A litigant who invokes the substituted service statute must strictly comply with it. See Gloucester Engineering, Inc. v. Mendoza, 489 So.2d 141, 142 (Fla. 3d DCA 1986). The plaintiff'in this case failed to file the required affidavit of compliance.

The case law excuses the filing of the affidavit of compliance if the certified mail receipt indicates that there was a refusal to accept delivery. See Waxoyl, A.G. v. Taylor, Brion, Buker & Greene, 711 So.2d 1251, 1254 (Fla. 3d DCA 1998). The courts have not heretofore excused the filing of an affidavit of compliance where, as here, the return receipt was marked “unclaimed.” See Wyatt v. Haese, 649 So.2d 905, 907-08 (Fla. 4th DCA 1995).

The majority draws the conclusion that the certified mail was refused in this instance because it was addressed to the defendant at the correct business address in Spain, and there had been an earlier successful delivery of mail when directed to that address.
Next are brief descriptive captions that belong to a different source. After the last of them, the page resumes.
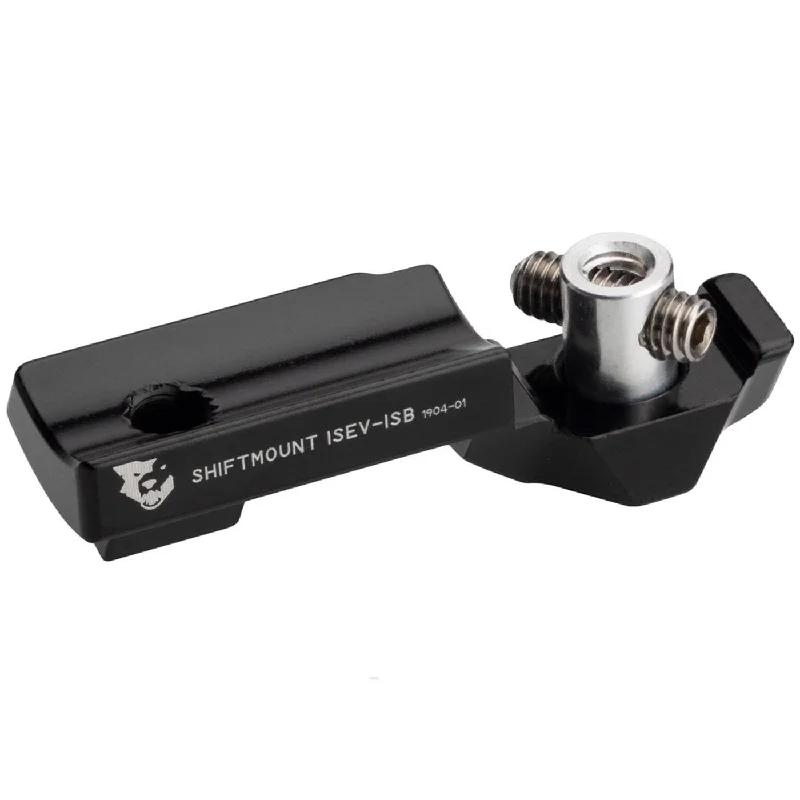 Adattatore leva freno WolfTooth Shiftmount - ISEV-ISB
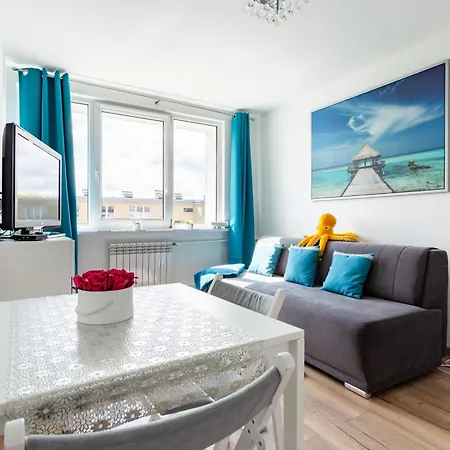 Przymorze Baltic By Bookinghost Appartamento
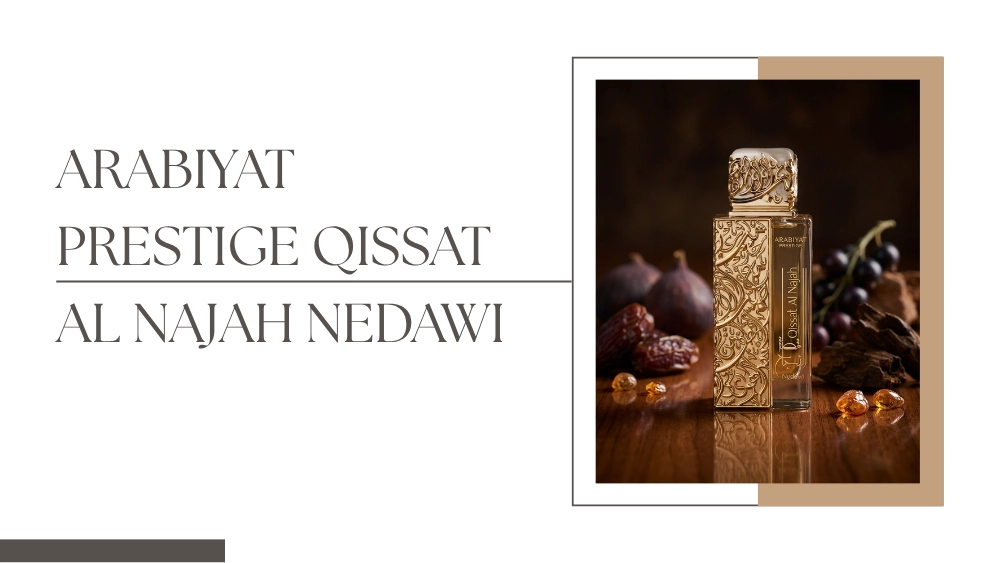 The Best Fall Fragrances for Men (That Actually Smell Sexy) 9 Arabiyat Prestige Qissat Al Najah Nedawi perfume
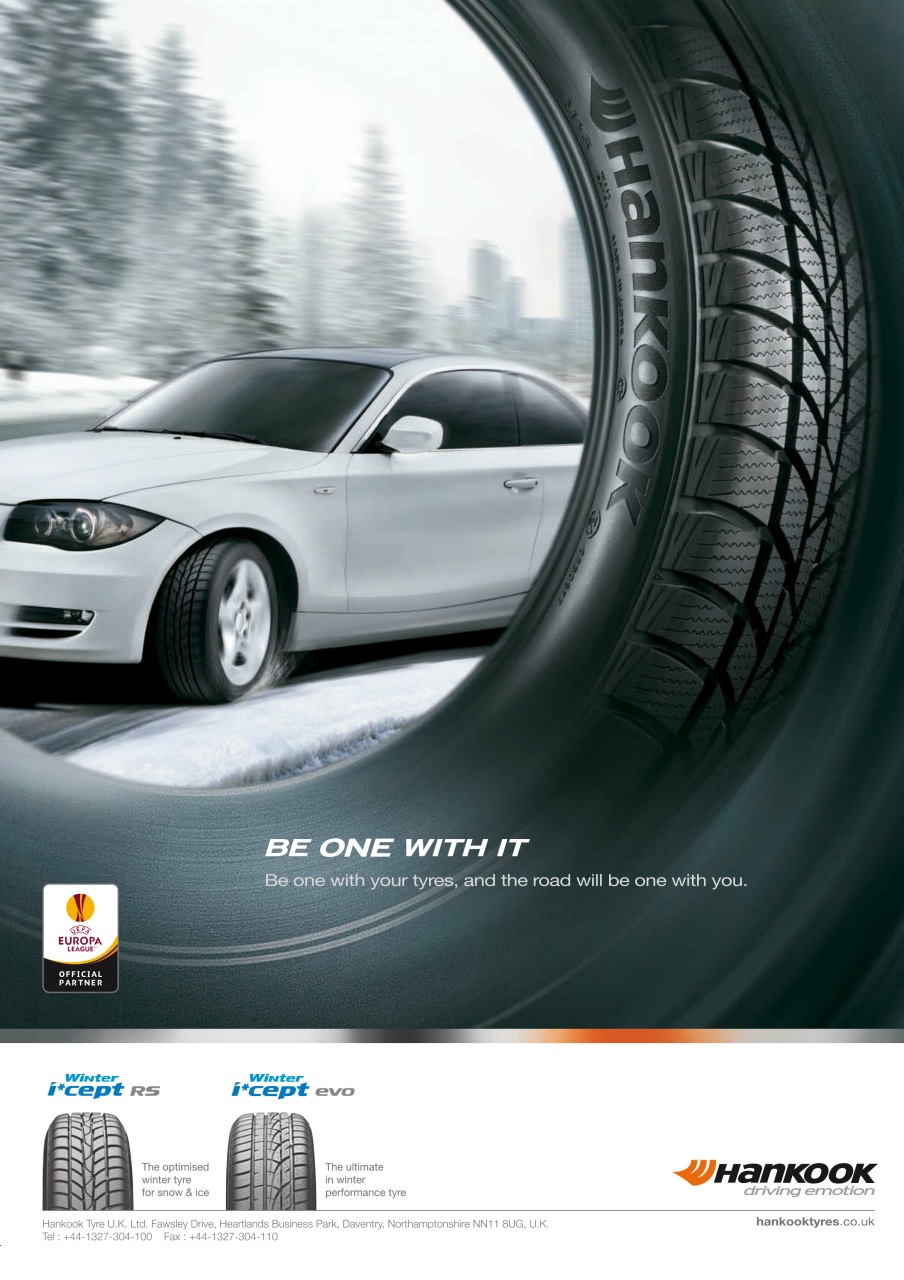 Pacenotes Rally magazine Preview Pages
Be that as it may, the postal receipt indicates “unclaimed,” not “refused.”

Given the vagaries of international postal service, I do not think it is wise to say that “unclaimed” means “refused,” nor would I make the assumption that the Spanish postal authorities do not know the difference. Plaintiff should comply with the statute. The default based on this *1262substituted service should be set aside and, the plaintiff having subsequently perfected service under the Hague Convention, this case should proceed to consideration on the merits.